Start of TASK INPUT

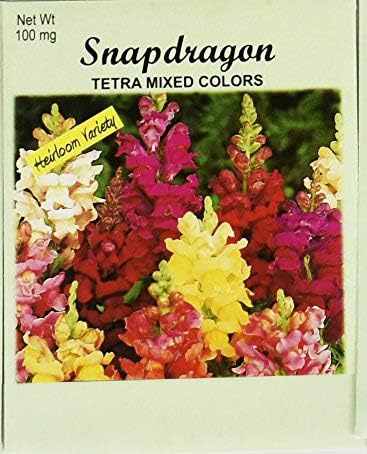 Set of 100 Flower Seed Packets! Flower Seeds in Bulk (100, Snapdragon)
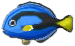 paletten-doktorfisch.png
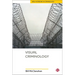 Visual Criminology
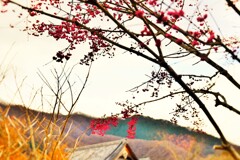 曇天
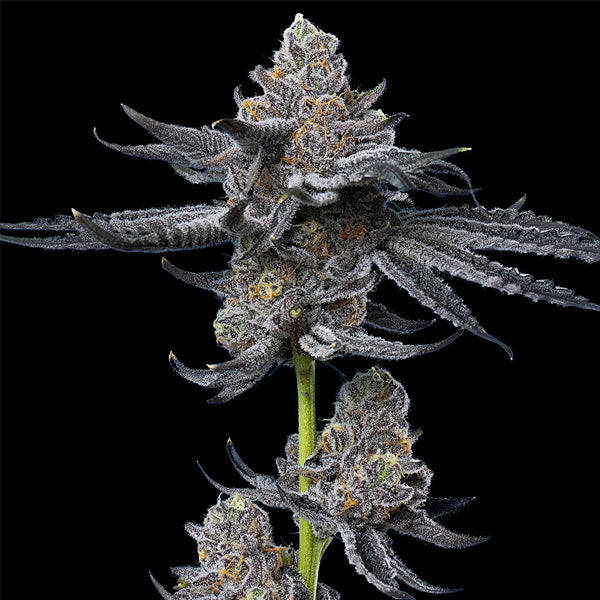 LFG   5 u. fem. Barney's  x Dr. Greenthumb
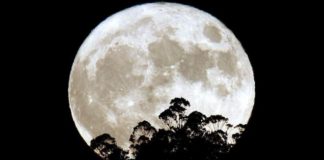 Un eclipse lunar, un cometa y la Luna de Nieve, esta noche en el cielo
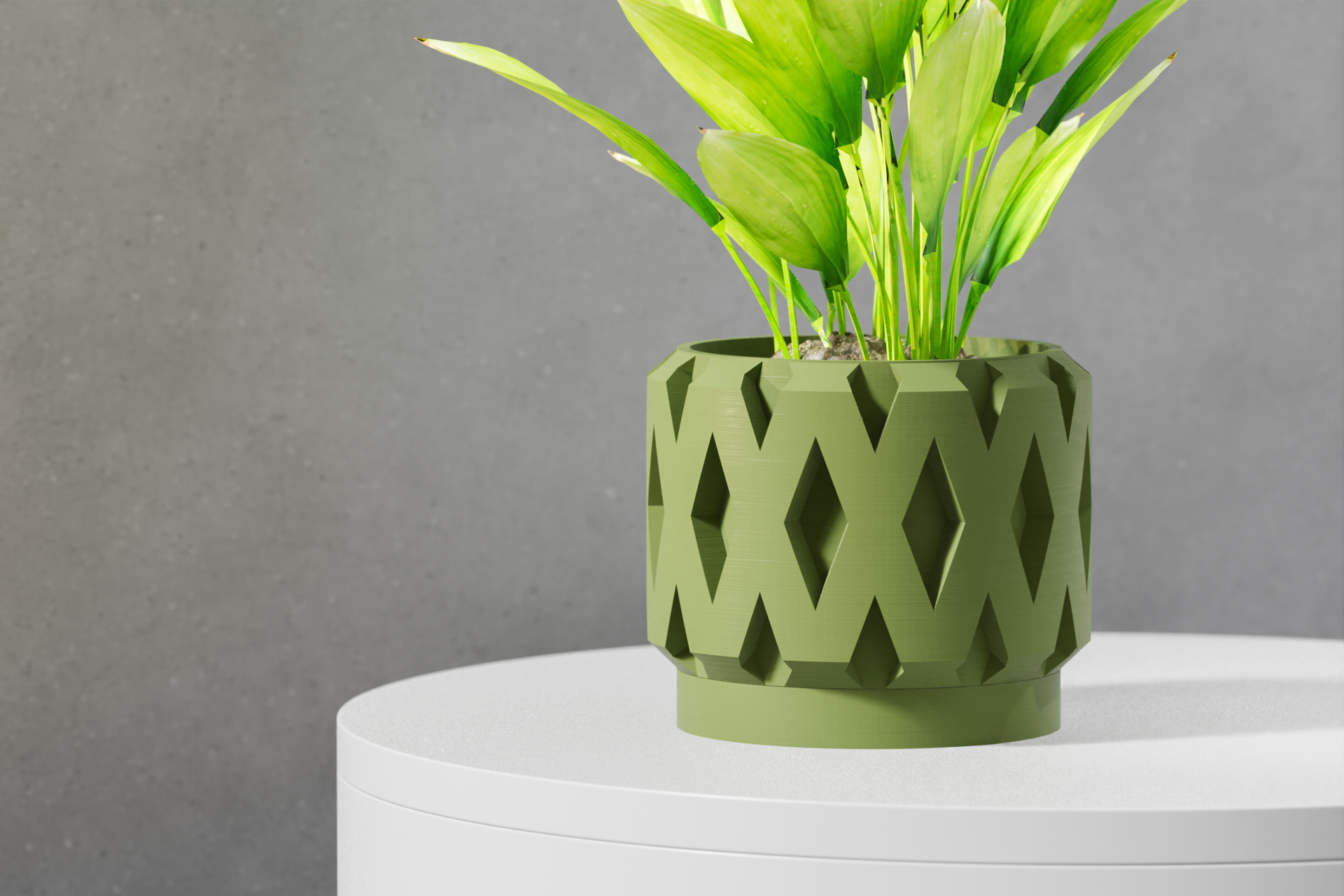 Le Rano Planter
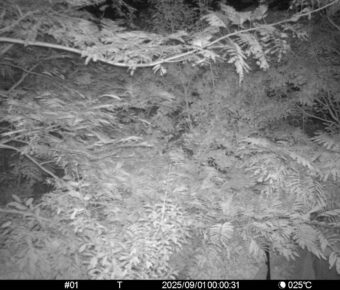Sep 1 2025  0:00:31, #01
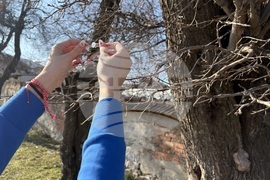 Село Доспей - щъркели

End of TASK INPUT

INSTRUCTIONS FOR THE TASK
Set the pictures aside and repeat only the lines from the one containing "Le Rano Planter" through the last line of the entries above, exactly as they stand.

OUTPUT FOR THIS TASK
 Le Rano Planter
Sep 1 2025  0:00:31, #01
 Село Доспей - щъркели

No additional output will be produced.